** SOURCE DATA **
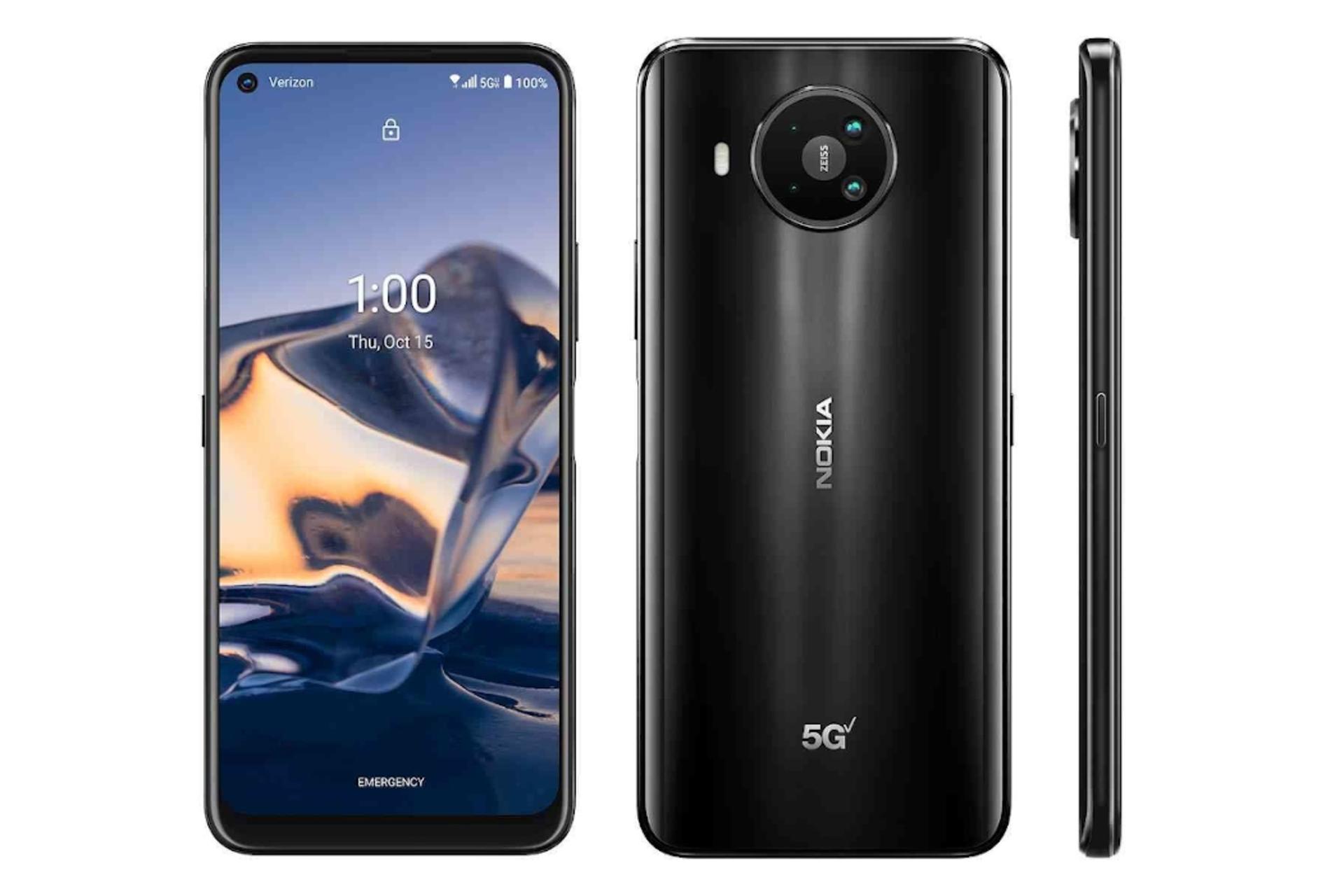 نمای کناری گوشی موبایل نوکیا 8 V 5G UW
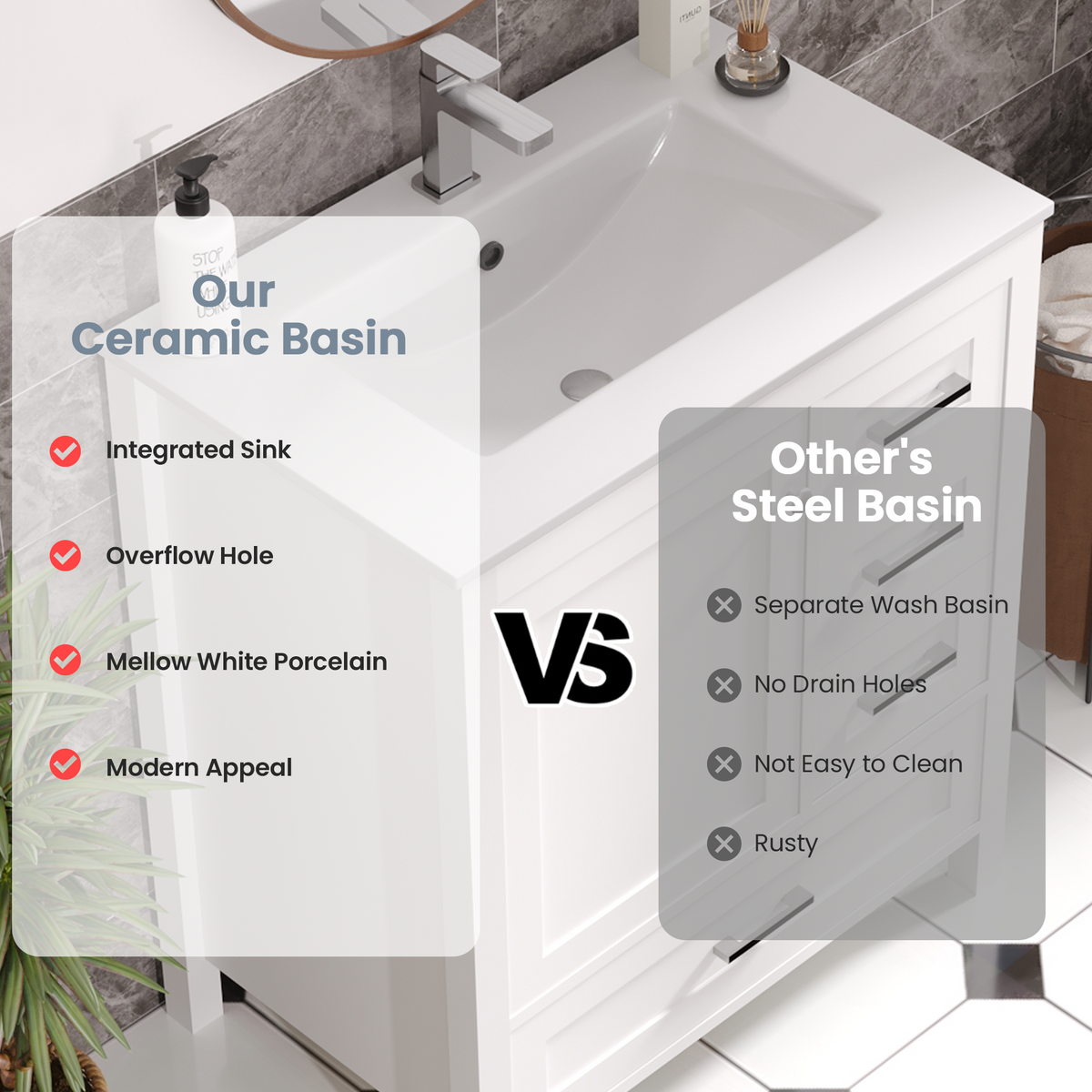 EROMMY 30" Single Bathroom Vanity With Ceramic Top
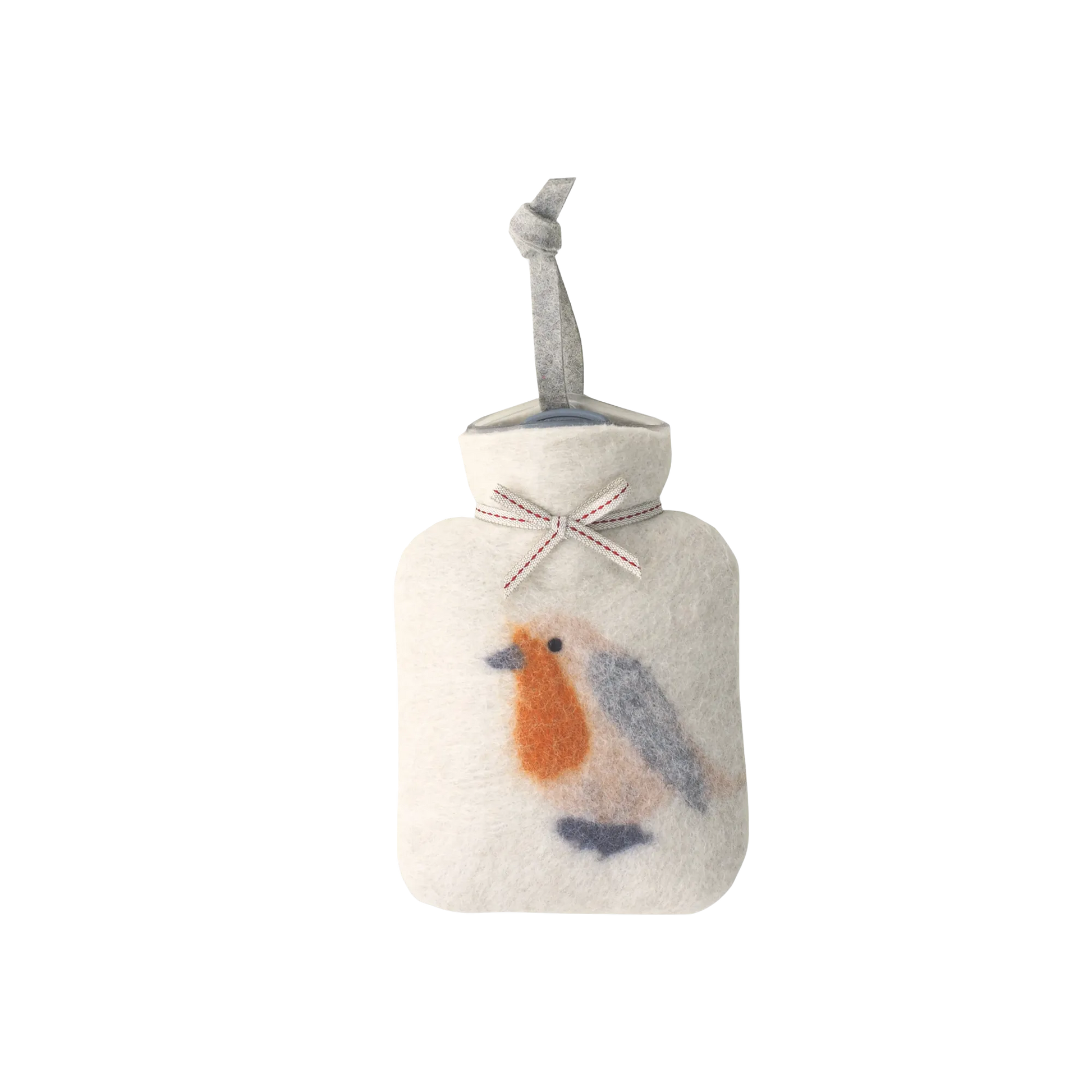 Kleine Wärmflasche aus Merinowolle mit einem Rotkehlchen Motiv.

** TASK DESCRIPTION **
Return the listing unchanged, but drop every picture.

** SOLUTION TO THIS TASK **
 نمای کناری گوشی موبایل نوکیا 8 V 5G UW
 EROMMY 30" Single Bathroom Vanity With Ceramic Top
 Kleine Wärmflasche aus Merinowolle mit einem Rotkehlchen Motiv.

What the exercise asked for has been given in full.